What Attention HORs are FOR

Carruthers in his “The evolution of consciousness” (2000) attempts to produce a “successful explanatory account of p-consciousness” (p256) through Higher Order Relations (HORs) in order to bolster the case against mysterianism. Relying on other works to form the negative argument against mysterianism, Carruthers presents his dispositionalist HOT argument as an alternative account to fill the void created by undermining the mysterianist position.

The “Phenomenal Consciousness” – p-consciousness – that Carruthers attempts to account for is the inner-sense of what-it-is-like-to. This contrasts with those phenomenal experiences which one is not aware of. At the p-conscious level there are many sensory experiences that we are not attending to, the feel of the seat that you are sitting on, that itch you have in the middle of your back, the sound of the ticking of the clock.

To deal with the supposition that p-consciousness is developed out of First Order Relations (FORs) Carruthers relies upon “Trilemma for FOR Theory” argument (2000b p168-179) loosely this involves the argument that some experiences are conscious, and others are non-conscious, and it is hard to explain non-conscious experiences in first order terms, therefore FOR theories cannot have full explanatory power for p-consciousness. Consequently, if FOR leaves us wanting, we need a HOR.

HORs (Higher Order Relations) come three different ways. Broadly speaking, HORs if they are not HOT (Higher Order Thoughts), they’re HOEs (Higher Order Experiences).
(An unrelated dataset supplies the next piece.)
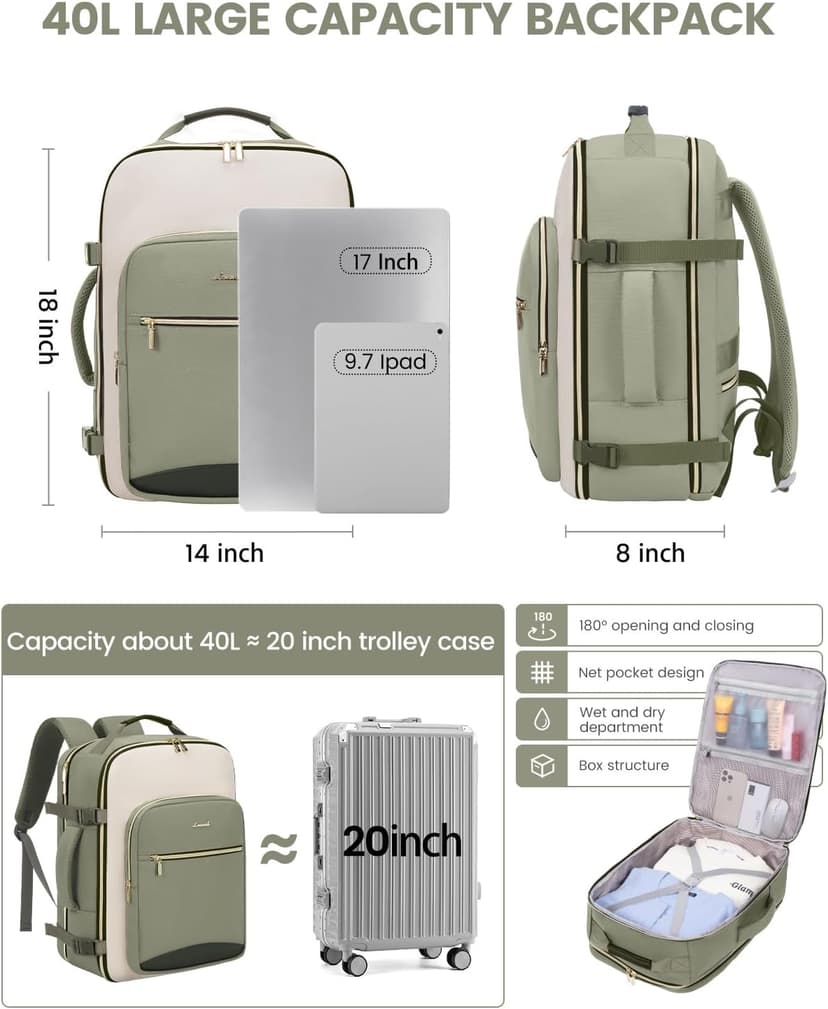 LOVEVOOK 40L Travel Backpack for Women & Men, Airline Approved Carry On Luggage with 3 Packing Cubes, TSA Overnight Bags, Waterproof Personal Item Bag, Weekender Essentials Backpacks fits 17" Laptop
Though some HORs are HODs – versions of Dennet’s Higher Order Descriptivism (HODs) – but Carruthers will go on to argue convincingly that HODs are merely part of the subset of HORs that are HOT.

HOEs emerge from an ‘inner sense’ – an internal scanner that binds together the inputs of our various senses and it is this inner sense that develops into our phenomenally experienced p-consciousness.

In contrast, under HOT theories p-consciousness emerges where a “perpetual state is, or can be, targeted by an appropriate HOT”. Amongst these theories there are two sub-categories:

  • there are actualised HOTs – situations where p-consciousness is a function of the fact that each perceptual state is accompanied by a HOT, and
  • in contrast there is Carruthers’ preferred view, the dispositionalist one, where the potentiality of the availability of a HOT determines the p-consciousness of the experience of that percept – where a percept is a datum which is available to consciousness.

Finally there the HODs which don’t seem to be in the game at all. HODs are linguistically-formulated descriptions of the subject’s mental states. In section 8 of Carruthers (2000) he holds that everything a HOD can do, a HOT HOR can do, and more. Dennet’s HODs are, according to Carruthers, functions of the language of thought, which is itself an emergent reaction to the development of ‘inter-personal communication’, to argue that HOTs can predate HODs Carruthers posits that ‘structured HORs’ can emerge independent of language, for which he relies on the examples of:

  • deaf people without specific tutoring in sign languages who develop their own means of communicating their intent through gesture, and
  • the existence of intentionality in those who are a-grammatically aphasic, who are, under experimental conditions, capable of acting as though they hold propositional attitudes: where they act as those they believe that “A believes that P”, even though they cannot verbalise this.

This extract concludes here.